Nel caso di Cara Utopia, la drammaturgia è firmata da Maria Teresa Berardelli, portatrice anche lei di un percorso poliedrico: dopo un iniziale accostamento al teatro in qualità di attrice fra 2003 e 2005, decide di dedicarsi alla sola scrittura per il palcoscenico, iniziando dal 2009 una intensissima produzione cadenzata da riconoscimenti immediati (Premio Riccione-Tondelli 2009, Premi Fersen e Citta di Chieri 2010). Con Cara Utopia, la giovane drammaturga romana realizza una base testuale in lingua standard per la successiva traduzione in dialetto pugliese operata da Marianna Di Mauro in virtù delle origini tarantine di quest'ultima. Il personaggio di Pasqualina è dunque il risultato di un procedimento metodico che contiene il passaggio stratificato -tutto femminile- di drammaturga, regista e attrice, in una formula cooperativa per la quale ciascuno dei contributi si rende decisivo, imprescindibile, insostituibile.
La scenografia proposta nell'ultimo allestimento partecipa a questo tipo di processo, ponendo in risalto la presenza della protagonista per via di un apparato scenico estremamente ridotto nelle proporzioni, che in questo modo funge da icona per le memorie condensate che la protagonista recupera progressivamente nel suo racconto. Efficace, oltre che elegante, in questo senso la scelta di sospendere a mezz'aria la casupola trasparente carica di piante e ricordi, dove presenzia in primo piano il modellino di una cucina per bambole, che perde immediatamente ogni rimando alla simulazione o al gioco infantile.
In questa cornice, Claudia Crisafio è abile e generosa soprattutto sul piano del lavoro corporeo, sia nei passaggi in cui la parola si ferma, lasciando spazio ad azioni quasi coreografiche, che più in generale nell'amministrarsi senza sbavature in un abito recitativo decisamente faticoso, che la costringe in posizione ripiegata per la quasi integralità della performance. Marianna Di Mauro manovra con decisione lo spettacolo lontano dalle sacche della narrazione statica, attingendo in parte alla lezione del teatrodanza che l'ha vista studiosa ed allieva di Pina Bausch.
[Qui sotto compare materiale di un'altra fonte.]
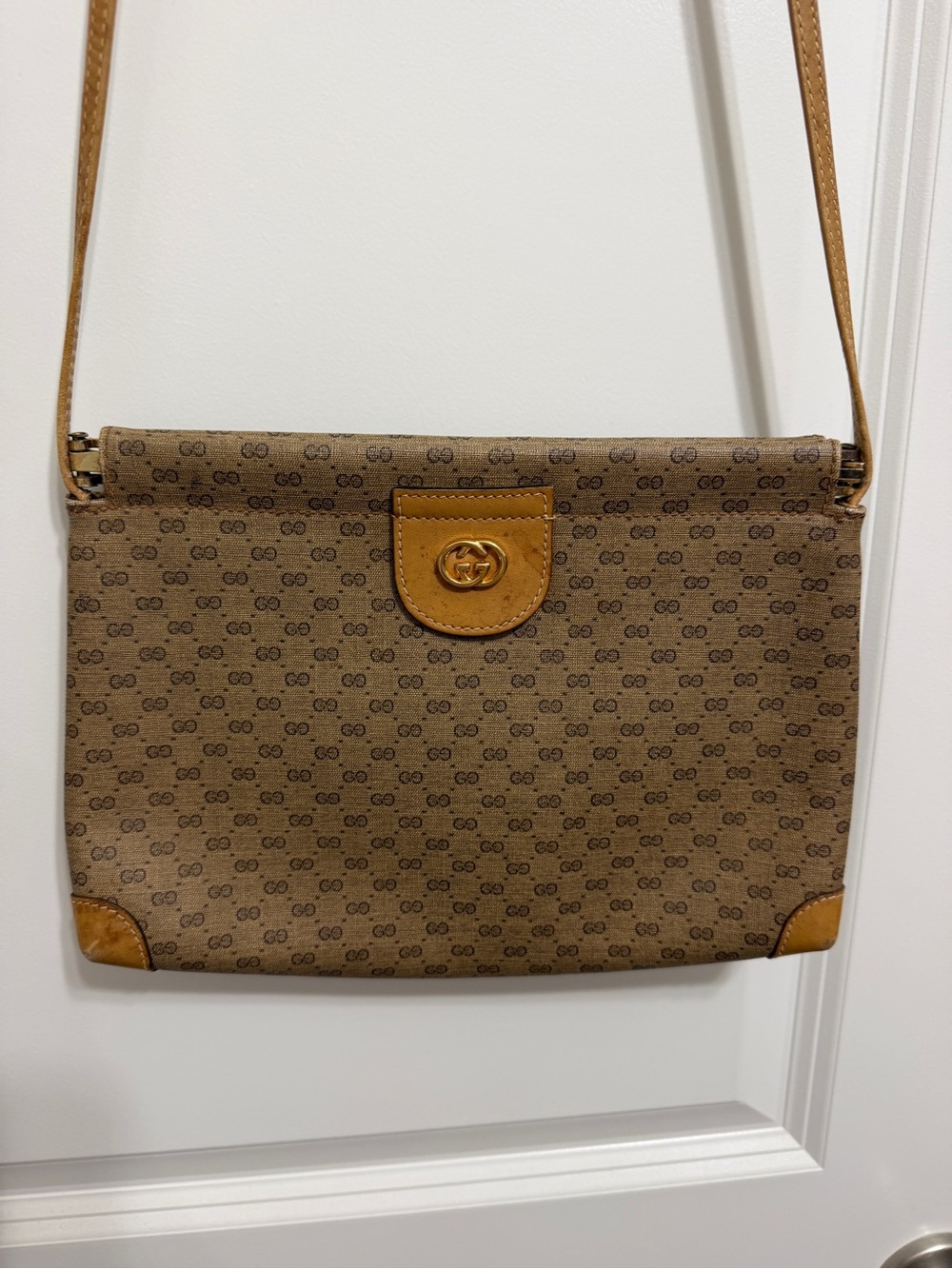 Gucci Brown GG Canvas Shoulder Bag with Tan Leather Trim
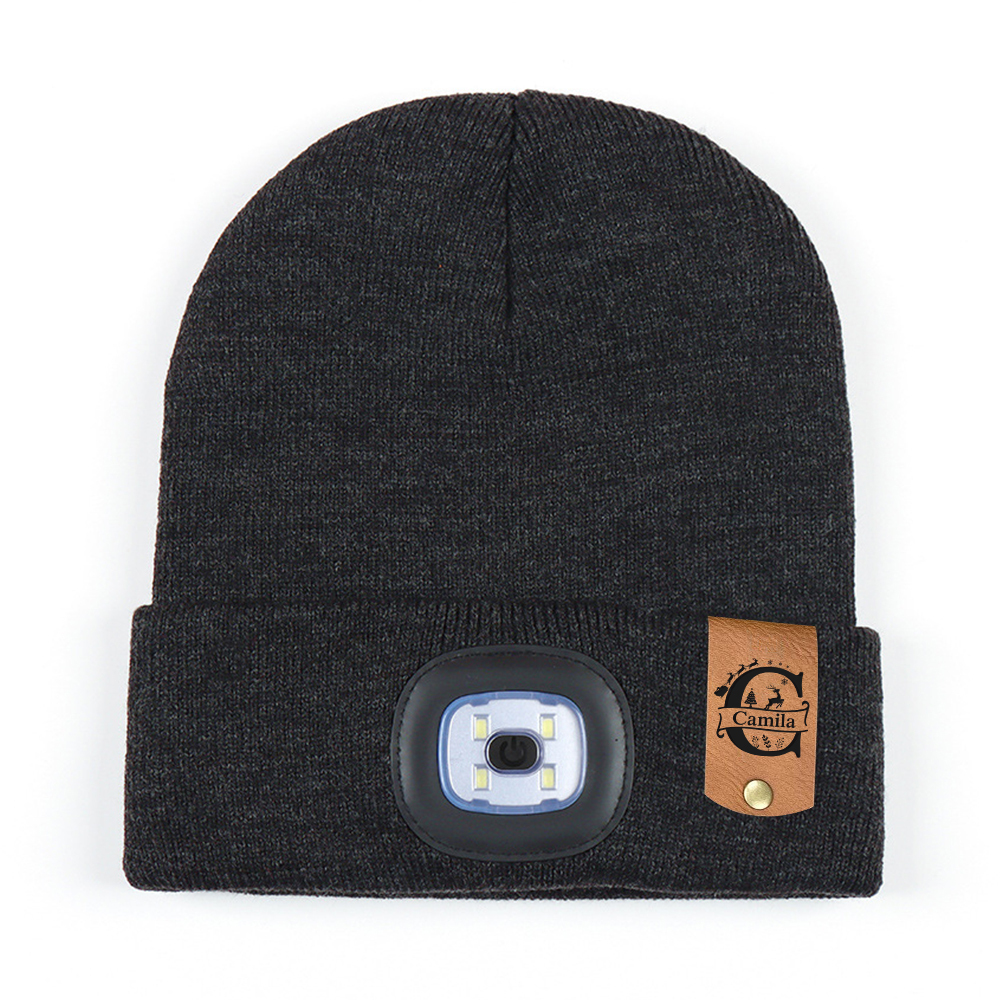 Personalized Kids Leather Tag Beanie with Headlamp | HSKid32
La scrittura di Maria Teresa Bernardelli tenta di rifuggire dal rischio del patetismo, caricando il personaggio di Pasqualina di motivi volitivi e di speranza, come risposta pervicace rispetto al suo destino picaresco: è in questa resilienza della fiducia e del sogno tangibile che sta l'utopia. La drammaturga ha buon gioco in questo schema inserendo i motivi collaudati del cibo e della territorialità. Manca all'impianto complessivo dello spettacolo la quiddità dell'ispirazione, della sorpresa, del graffio e dell'originalità piena, assestandosi sui valori di una sicura mediezza.